ジョゼと虎と魚たち
2020年最後に観た映画は本作になりました。
映画館の予告で流れるビジュアルが綺麗だったのと、主題歌を担当するEveの曲をここ2年くらいでかなり聴くようになったので、結構長い間楽しみにしていた作品。
趣味の絵と本と想像の中で、自分の世界を生きるジョゼ。
幼いころから車椅子の彼女は、ある日、危うく坂道で転げ落ちそうになったところを、大学生の恒夫に助けられる。海洋生物学を専攻する恒夫は、メキシコにしか生息しない幻の魚の群れを
いつかその目で見るという夢を追いかけながら、バイトに明け暮れる勤労学生。そんな恒夫にジョゼとふたりで暮らす祖母・チヅは、あるバイトを持ち掛ける。
それはジョゼの注文を聞いて、彼女の相手をすること。
しかしひねくれていて口が悪いジョゼは恒夫に辛辣に当たり、
恒夫もジョゼに我慢することなく真っすぐにぶつかっていく。
そんな中で見え隠れするそれぞれの心の内と、縮まっていくふたりの心の距離。
その触れ合いの中で、ジョゼは意を決して夢見ていた外の世界へ
恒夫と共に飛び出すことを決めるが……。
鑑賞前のイメージ通りビジュアル的な点数がかなり高い。絵本奈央さんによるキャラデザにボンズの作画、コンセプトデザインにloundrawまで噛んでるとあって、視覚的には申し分ない作品でした。

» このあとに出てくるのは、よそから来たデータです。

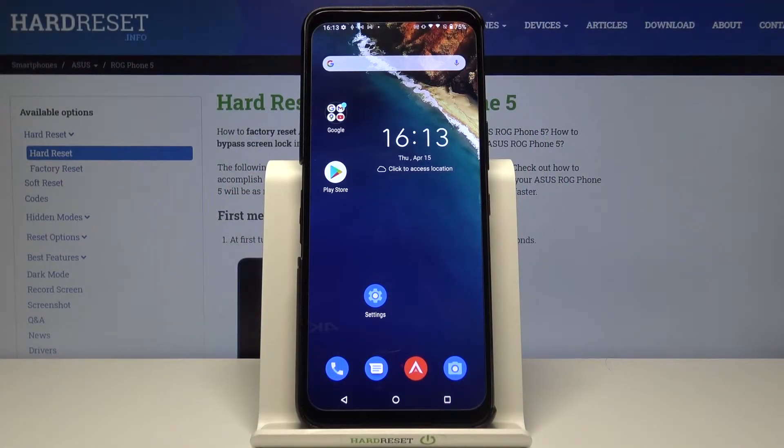Welcome! In front of me I have Asus Rockon5 and today I will show you how we can change the fingerprint sensor animation.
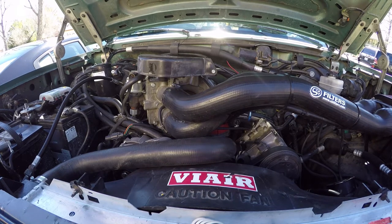I'm just going to show you guys real quick the engine bay on the Bronco, tell you what I've done to it, what I've done to it recently. So let's get started.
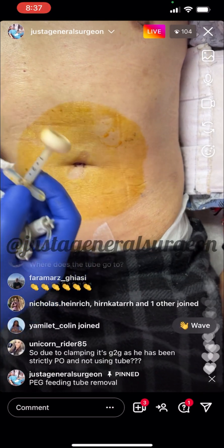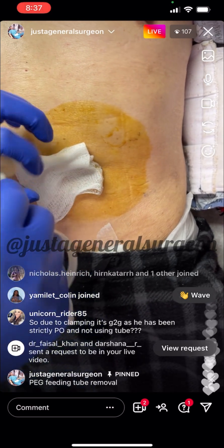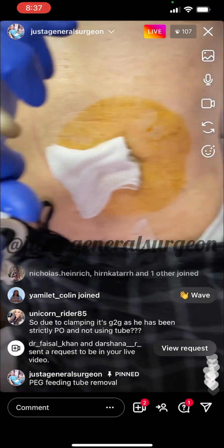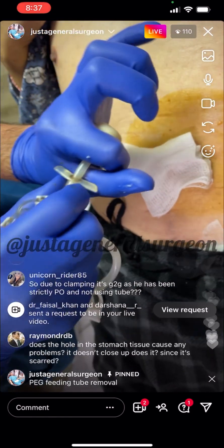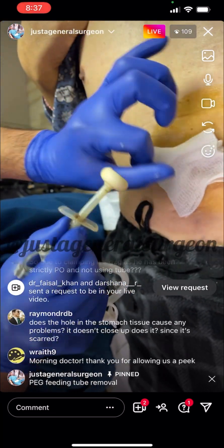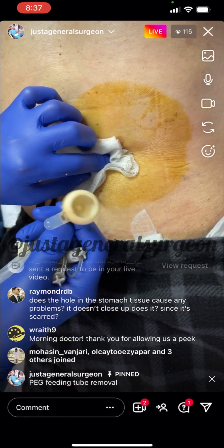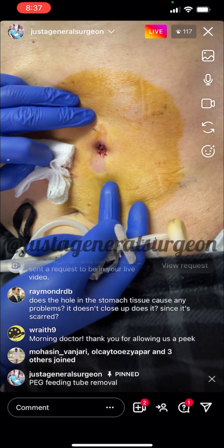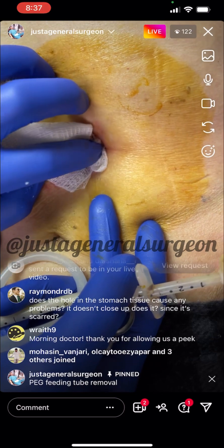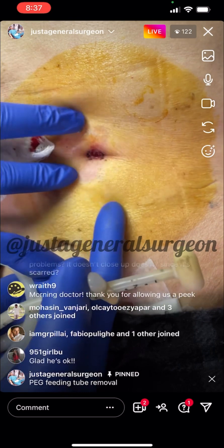This little bumper was underneath the skin — it was inserted into the stomach. Here's the skin, here's the opening. This bumper was underneath the abdominal wall, inside the stomach. You just have to do a firm pull to get it out. Here is the entire thing intact, so we know it has not fallen apart and is completely removed. And here is the gastrocutaneous fistula — the opening left behind.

主人公の恒夫に海との接点を、ジョゼに人魚姫のイメージを持たせて空想の海中や、実際の海のシーンを描写してるのも自分たちの強みを分かっているなあと感心しました。
特筆すべきはジョゼの描写がとにかく可愛らしい点。序盤ひねくれて口が悪いだけだった彼女が恒夫に外の世界に連れ出してもらい、様々なことを経験する中で徐々に表情を輝かせていくのは観ててすごく気持ちよかった。後述する原作小説や実写でもジョゼに対してこのような描き方はされていなかったので、アニメ版ならではの特徴かなと思います。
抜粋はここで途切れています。